If we strip away that comfort and confront the Holocaust on Bauman’s terms
we are left with the uncomfortable idea that ‘the Holocaust was not an
irrational outflow of the not-yet-fully-eradicated residues of pre-modern
barbarity. It was a legitimate resident in the house of modernity; indeed
one who would not be at home in any other house’ (2001, p. 17). The crucial
point for this discussion is that the mass slaughter of living, sentient beings is
not an aberration. Rather, it is woven into and a direct consequence of
modernist social relations.
It is essential, albeit confronting, coming to terms with the violent not just
refined face of modernity.

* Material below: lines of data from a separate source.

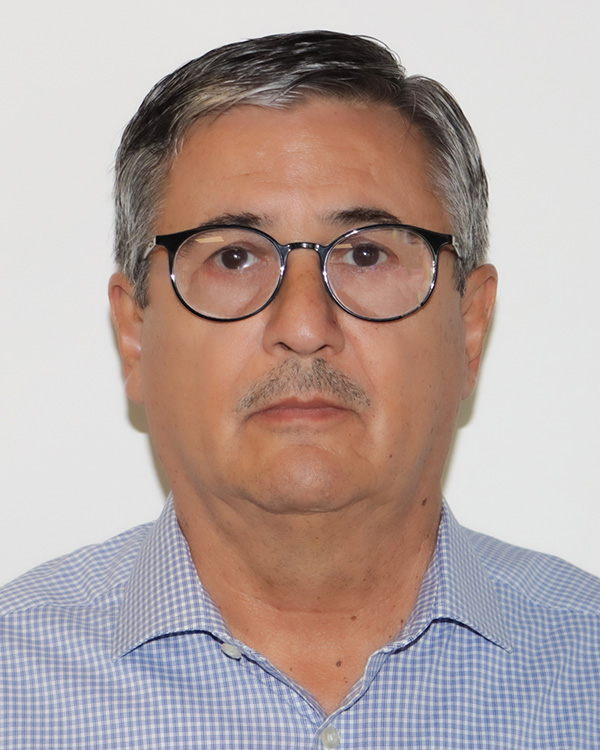 Enrique Ruiz Cortez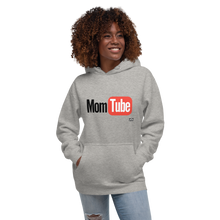 Load image into Gallery viewer, MOM TUBE Unisex Hoodie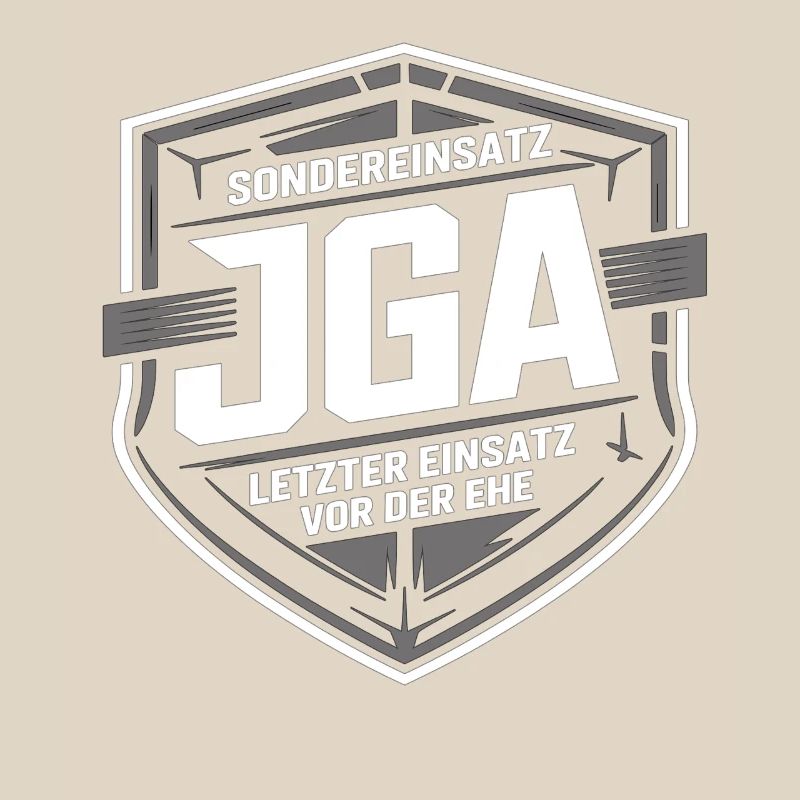  Sondereinsatz JGA – Letzter Einsatz vor der Ehe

Arendt (2006) explained how it is that violence
and atrocities are normalised and routinised; how they come to be accepted
by many—otherwise ‘good’ or compassionate—people. The strength of such
a view that is an inherently sociological one is that it moves away from binary
thinking of (individual) good versus evil and instead allows us to acknowledge the way violence and abuse are embedded in and often justified by social
systems and their authorities. Identifying the ideological mechanisms used to
uphold socially sanctioned regimes of power is important if we are to have
any hope of untangling and dismantling them.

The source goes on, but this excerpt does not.